Some of the anime series where Under17 songs have been featured are Mouse, Popotan, Tenbatsu! Angel Rabbie, Hourglass of Summer, DearS, and Kujibiki Unbalance. This group has released several adult videogames' opening songs. On 27 September 2004, it was announced that Under17 would break up after their national tour, with Momoi and Koike going separate ways due to creative differences. Their final concert was held on 20 November 2004 at the Yokohama Blitz.

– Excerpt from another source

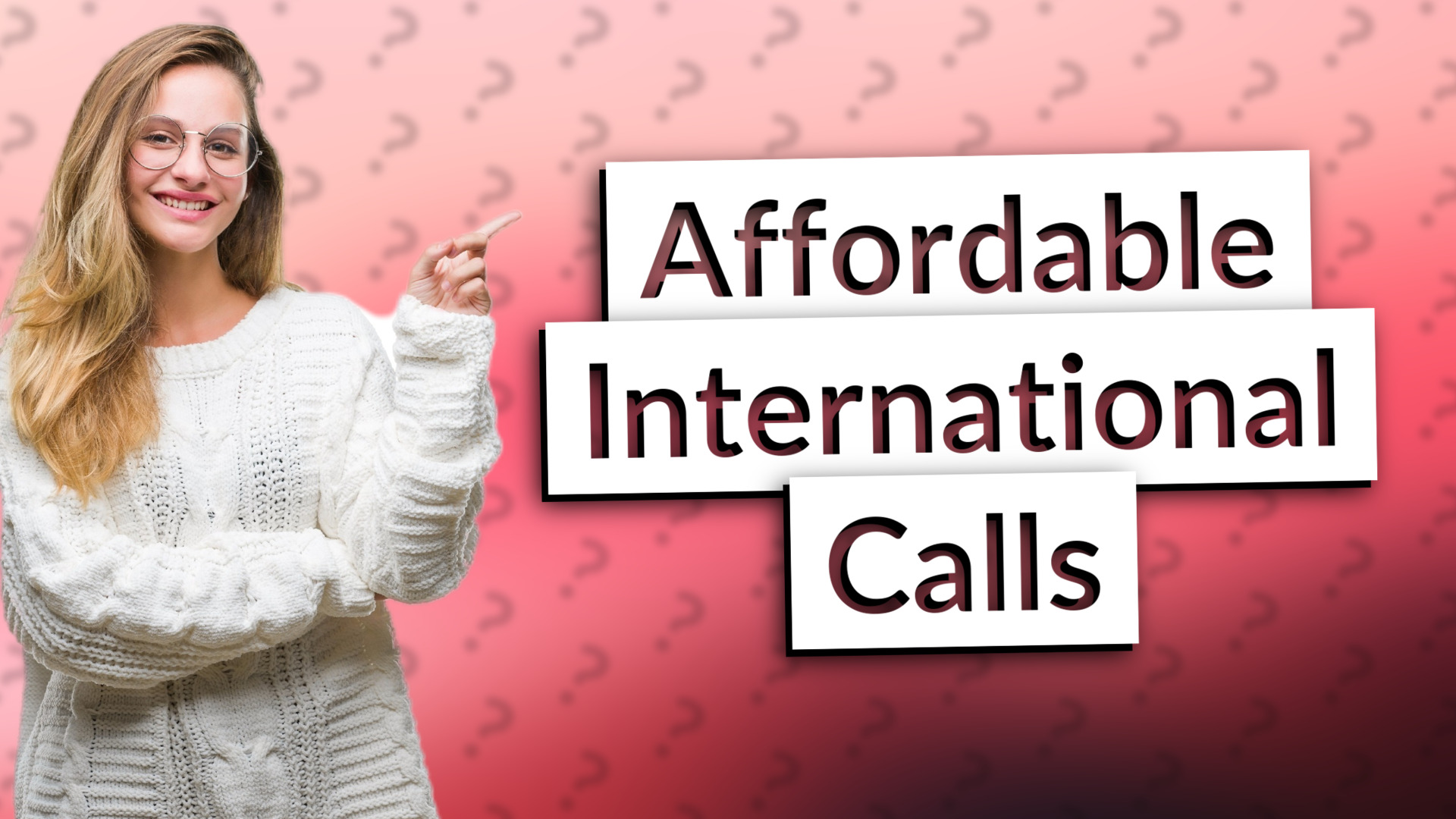 Affordable International Calls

Momoi officially embarked on a solo career and Koike formed the moe-pop band MOSAIC.WAV.

The band reunited for one song on 31 August 2008 during the Animelo Summer Live, performing "Tenbatsu! Angel Rabbie" with the members of MOSAIC.WAV.

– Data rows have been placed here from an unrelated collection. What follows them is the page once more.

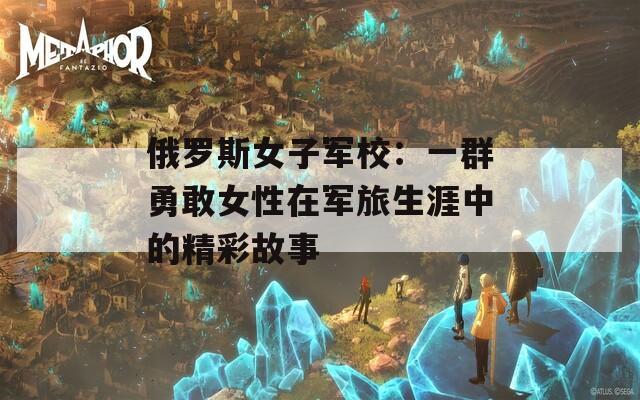俄罗斯女子军校：一群勇敢女性在军旅生涯中的精彩故事
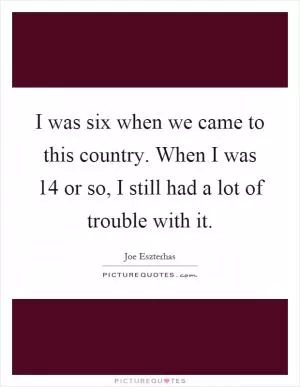 I was six when we came to this country. When I was 14 or so, I still had a lot of trouble with it Picture Quote #1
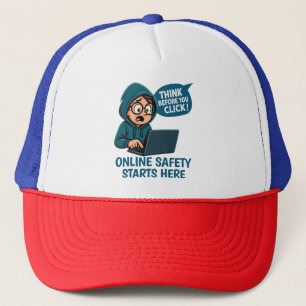 Gorra De Camionero Piensa Antes de Hacer Clic - Conciencia de Segurid
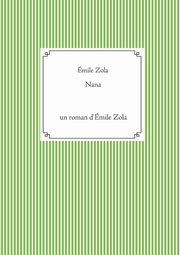Nana, Zola mile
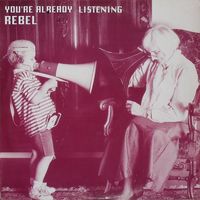 Rebel - You're Already Listening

Momoi and Koike briefly reunited again in March 2020 to perform at the event Susume Moe Denpa Shōnen!! Daifukkatsusai 2020!!: Sugisarishi Moe o Motomete.

==Members==
- Haruko Momoi (桃井はるこ) (vocals)
- Masaya Koike (小池雅也) (guitar)

==Discography==

=== Compilation albums ===

| Title | Year | Details | Peak chart positions | Sales |
JPN
| Under17 Best Album 1: Bishōjo Game Song ni Ai o! (UNDER17 BEST ALBUM1 美少女ゲームソングに愛を!) | 2003 | Released: 3 December 2003; Label: Lantis; Formats: CD; | 93 | — |
| Under17 Best Album 2: Moe Song o Kiwameruzo! (UNDER17 BEST ALBUM2 萌えソングをきわめるゾ!) | 2004 | Released: 21 January 2004; Label: Lantis; Formats: CD; | 50 | — |
| Under17 Best Album 3: Soshite Densetsu e... (UNDER17 BEST ALBUM3 そして伝説へ…) | Released: 22 December 2004; Label: Lantis; Formats: CD; | 55 | — |
"—" denotes releases that did not chart or were not released in that region.

===Singles===

Title: Year; Peak position; Sales
JPN
"Mouse Chu Mouse" (マウス Chu マウス): 2003; 68; —
"Popotan E.P." (ぽぽたんe.p.) (with Funta): —; —
"Love Slave" (ラブスレイブ): 2004; 55; —
"Kujibiki Unbalance" (くじびきアンバランス): 68; —
"—" denotes releases that did not chart or were not released in that region.